In our previous blog post, we covered some of the exploratory analysis we did for Highfive, a modern meeting room collaboration and video conferencing solution. We determined the right metric for measuring customer engagement: something we call “sustained call hours/device/day” (SCH/BD). It’s a moving average of the hours of Highfive usage per day normalized by the number of Highfive devices.
By analyzing Highfive’s data, we found that a customer who is engaged within 100 days is much more likely to expand their use of Highfive and buy more devices in the future. In other words, they have a much higher lifetime value (LTV). So we set out to build a model that would predict long-term engagement. Using SCH/BD, we wanted to look 100 days into the future.
Building a model to predict customer engagement
Mathematically, our goal was to create a model that could do two things:
- Figure out which features were important for driving long-term customer engagement.
- Use those results to predict long-term customer engagement based on the features customers are using.
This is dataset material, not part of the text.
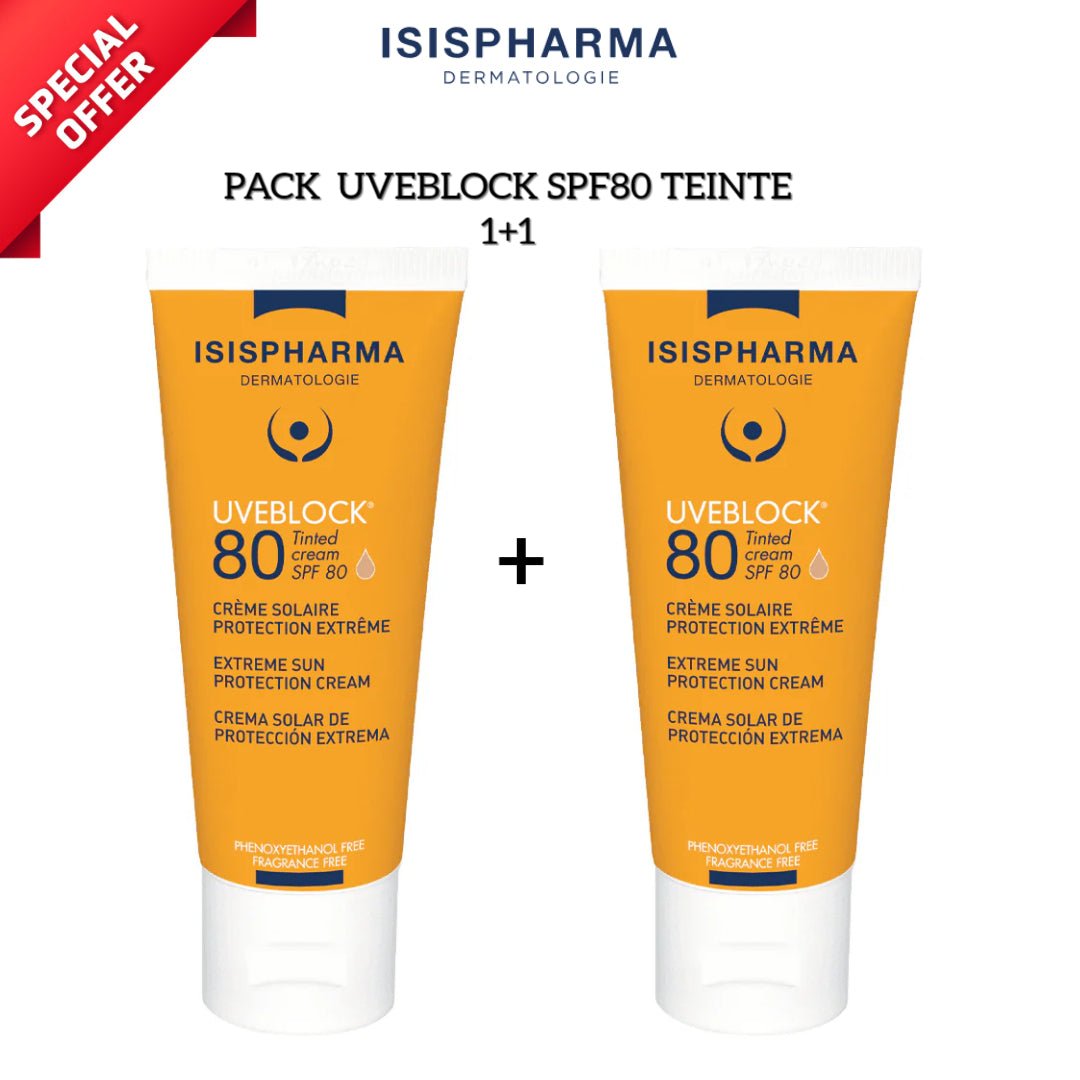 PACK PROMO UVB 80 TEINTE - ISISPHARMA | BeautyForYou.ma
Fortunately, since Highfive started collecting data early on, we had almost two years of historical data to train on—so this was squarely a supervised learning problem. We initially contemplated creating a regression-based model to predict the continuous value of SCH/BD—but Highfive didn’t care too much about the exact value of SCH/BD. They cared about how customers with very low engagement differed from the customers with high engagement.
So we decided to use a trick we’ve often used in the initial model building phases—create a classifier to model the extreme ends of the distribution. By feeding the model a cleaner, more extreme dataset, we’re removing some of the noise so that the model can see the signal more clearly.
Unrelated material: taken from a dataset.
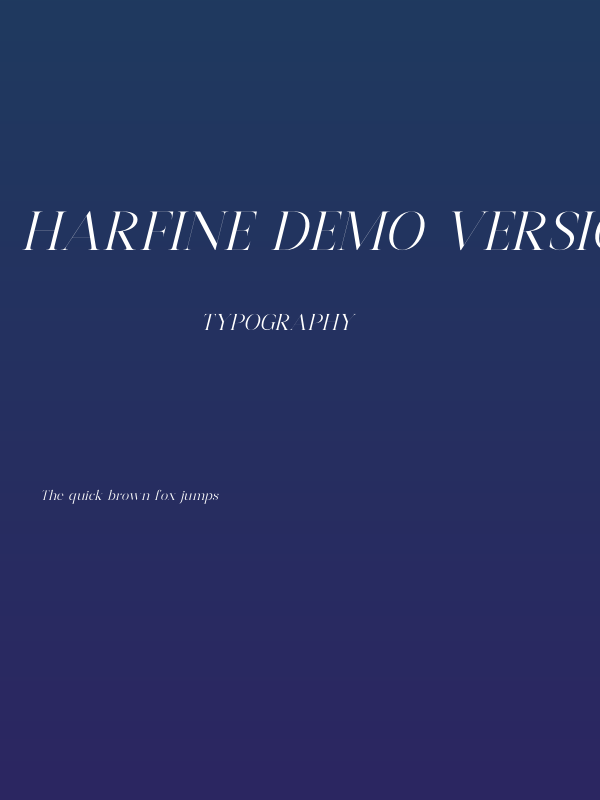 Harfine DEMO VERSION Italic Poster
To this end, we removed customers with middling engagement (with 0.25 < SCH/BD < .75) from our data set. We then labeled the customers that had SCH/BD < 0.25 after 100 days as “long-term disengaged” (i.e. class 0) and the customer that had SCH/BD > 0.75 after 100 days as “long-term engaged” (i.e. class 1).
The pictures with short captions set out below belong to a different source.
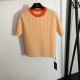 Short-sleeved knit 2023SS FENDI Fendi decided on a modern style Short-sleeved knit 2023SS FENDI Fendi decided on a modern style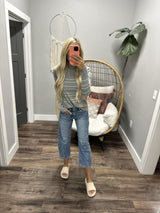 NATASHA MINT STRIPE KNIT SWEATER
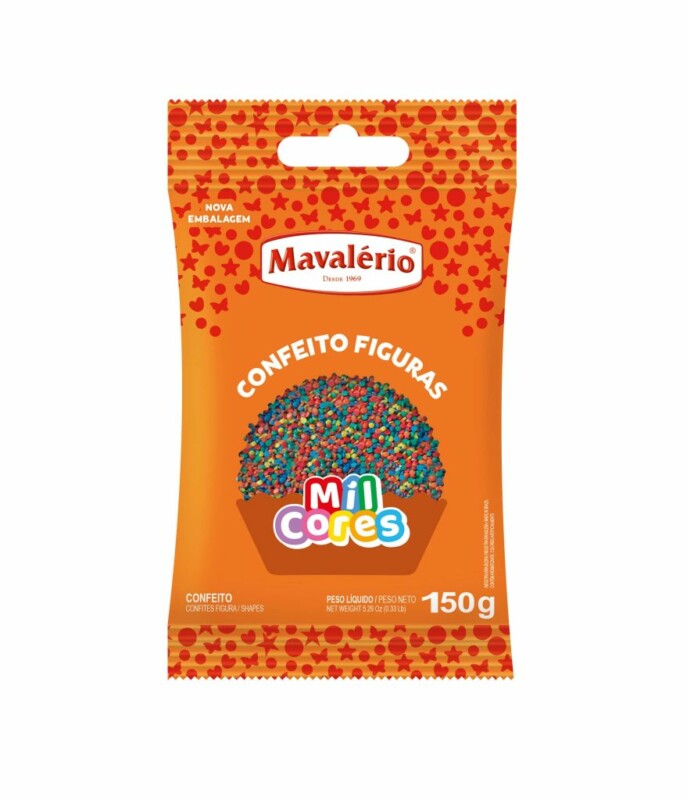 CONFEITO FIGURA MINI CONFETE MAVALÉRIO 150G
All of this was done in Mode using a combination of SQL and Python. We wrote a single query to select the SCH/BD for every company at 100 days. We then used Python to filter the data and do the final labelling to create our dependent variable vector, y. We stored this as a Pandas Series: the index was the company name, the values were 0 if “long-term disengaged” and 1 if “long-term engaged.”
Feature engineering leading indicators of engagement
Once we had our y, the next step was to figure out the exogenous variables, or features, of the model. We worked very closely with the Highfive executive team at this step. They already had a good idea of what some of the leading indicators of engagement could be. We just had to create these features from the raw BigQuery logs. Potential features included:
- Whether a customer had a free trial
- Number of conference rooms in company
- Time between when the sales closed to when the device was installed
- Number of unique users of devices in the first month
- Average rating for calls in the first month
- Percent of calls having problematic audio quality in the first month
- Number of dropped calls in the first month
Creating features, like these, from raw data is called “feature engineering” in the data science world. To create these features, we built out a complex SQL query with multiple subqueries and joins. With Mode all of our incremental query development was held in one report, so we didn’t have to cut and paste subqueries into random .txt files. That is particularly handy when you’re writing tons of 100+ line queries with five nested subqueries in each.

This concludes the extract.